SOURCE DATA.
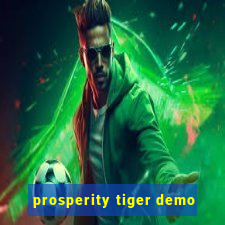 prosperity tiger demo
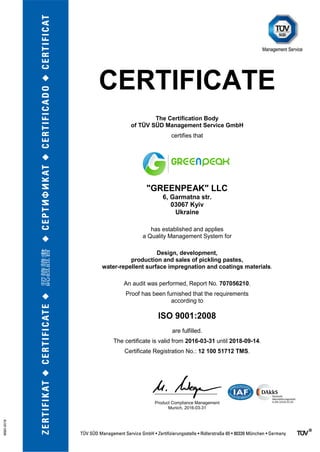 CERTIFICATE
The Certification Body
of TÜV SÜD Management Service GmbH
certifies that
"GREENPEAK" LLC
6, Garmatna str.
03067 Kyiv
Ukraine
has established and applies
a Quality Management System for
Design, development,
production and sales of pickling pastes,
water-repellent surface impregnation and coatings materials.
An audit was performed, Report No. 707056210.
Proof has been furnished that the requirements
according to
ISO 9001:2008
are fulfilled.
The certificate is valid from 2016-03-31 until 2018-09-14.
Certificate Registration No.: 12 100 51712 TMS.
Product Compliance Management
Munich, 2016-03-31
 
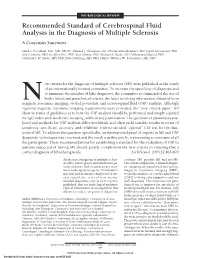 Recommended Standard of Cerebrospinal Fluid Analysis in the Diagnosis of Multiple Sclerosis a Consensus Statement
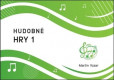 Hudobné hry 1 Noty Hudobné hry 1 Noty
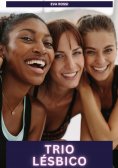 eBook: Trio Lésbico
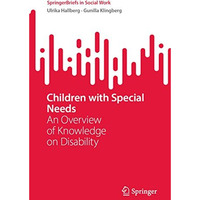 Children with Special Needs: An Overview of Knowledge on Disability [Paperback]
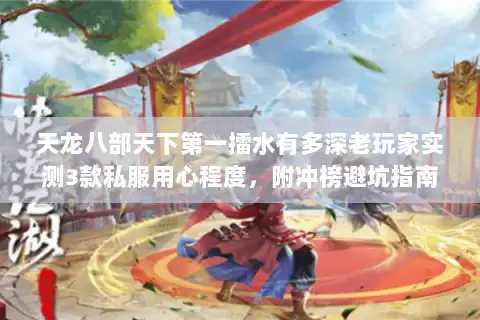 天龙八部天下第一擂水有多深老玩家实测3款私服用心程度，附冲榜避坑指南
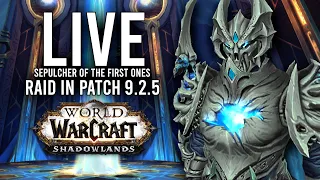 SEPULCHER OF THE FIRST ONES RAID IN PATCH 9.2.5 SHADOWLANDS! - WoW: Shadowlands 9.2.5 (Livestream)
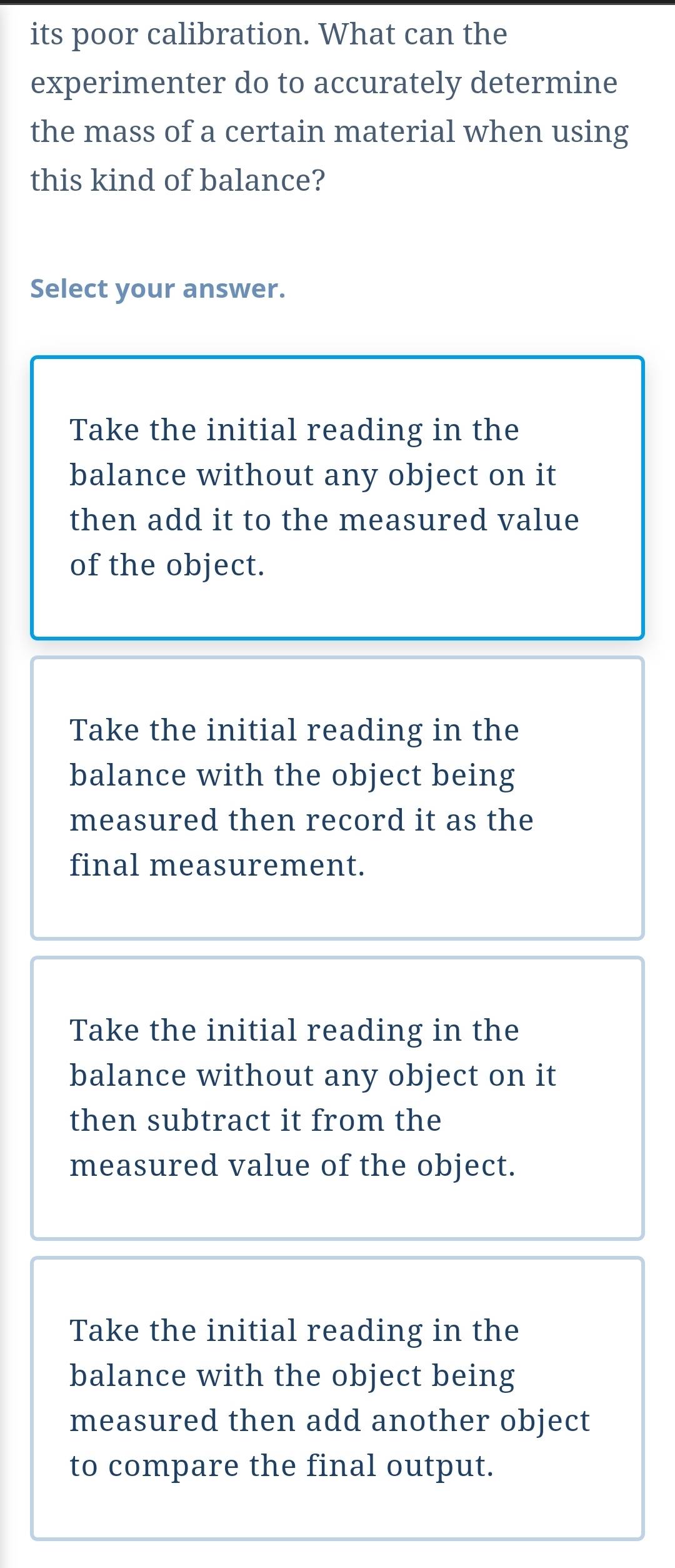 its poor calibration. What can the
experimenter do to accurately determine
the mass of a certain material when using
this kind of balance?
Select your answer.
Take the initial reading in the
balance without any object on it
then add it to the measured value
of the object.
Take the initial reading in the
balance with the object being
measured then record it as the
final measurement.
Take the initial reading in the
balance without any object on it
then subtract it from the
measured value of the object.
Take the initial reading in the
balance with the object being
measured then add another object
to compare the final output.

ASSIGNMENT.
Which lines of the records above contain the word "from"? Report each one.

ANSWER AREA.
The certificate is valid from 2016-03-31 until 2018-09-14.
then subtract it from the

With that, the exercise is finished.